TEMPO.CO, Jakarta - Beberapa kawasan di Indonesia akan memperoleh tambahan curah hujan, meski siklon Narelle berhenti. Sistem cuaca baru zona konvergensi akan menghasilkan hujan.
"Narelle punah pada Selasa, 15 Januari," ujar Kepala Pusat Meteorologi Publik Badan Meteorologi, Klimatologi, dan Geofisika (BMKG), Mulyono Prabowo, dalam jumpa pers di kantornya, Rabu, 16 Januari 2013.
Analisis citra satelit yang dilakukan BMKG memperlihatkan udara bertekanan rendah di selatan Nusa Tenggara sudah lenyap. Sepanjang pekan lalu, kondisi udara bertekanan rendah ini menimbulkan angin kencang di Jawa, Bali, dan Nusa Tenggara. Di Jakarta, angin bertiup hingga 30-40 kilometer per jam. Di daerah lain, kekuatan angin bisa mencapai 65 kilometer per jam.
Kehadiran Narelle juga menimbulkan gelombang hingga 6 meter di Sumatera bagian utara, Sulawesi bagian selatan, Laut Cina Selatan, dan Papua bagian selatan. "Termasuk gelombang kategori sangat tinggi," kata dia.

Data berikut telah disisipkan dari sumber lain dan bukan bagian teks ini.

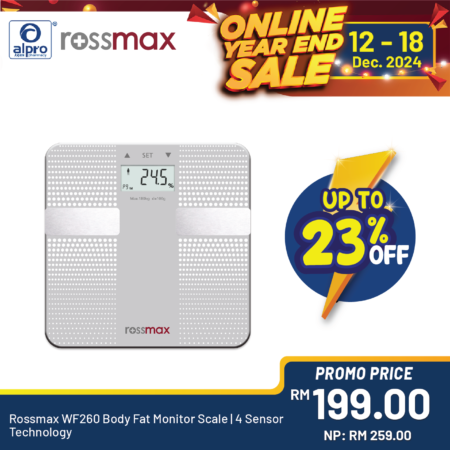 Rossmax WF260 Body Fat Monitor Scale | 4 Sensor Technology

Gelombang tinggi sepanjang pekan lalu menyebabkan kapal sulit berlayar. Bahkan, Narelle berakibat pada tenggelamnya tiga kapal, yaitu KM Emeline pada 9 Januari di Selat Makassar, KM Sumber Rejeki Putra 2 di laut Jawa bagian timur pada 10 Januari, dan KM Tirta Samudera XXI pada 10 Januari.
Punahnya Narelle berbarengan dengan hilangnya angin kencang di banyak wilayah. Namun sistem cuaca baru muncul di sepanjang selatan khatulistiwa. Sistem cuaca ini disebut zona konvergensi, yang berasal dari pertemuan udara mengandung uap air dari perairan Indonesia dan Samudra Hindia. Pertemuan ini menjadi kawasan pembentukan awan hujan, yang kemudian berpotensi menurunkan hujan.
Zona konvergensi kali ini terbentuk memanjang dari Sumatera bagian selatan, Jawa, Bali, Nusa Tenggara, Maluku, hingga Papua bagian selatan. BMKG masih mengawasi kawasan yang berpotensi menyumbang tambahan curah hujan ini. Normalnya, kata Mulyono, zona konvergensi akan berusia 2-3 hari. "Bisa satu pekan jika kekuatan angin terus membesar," kata dia.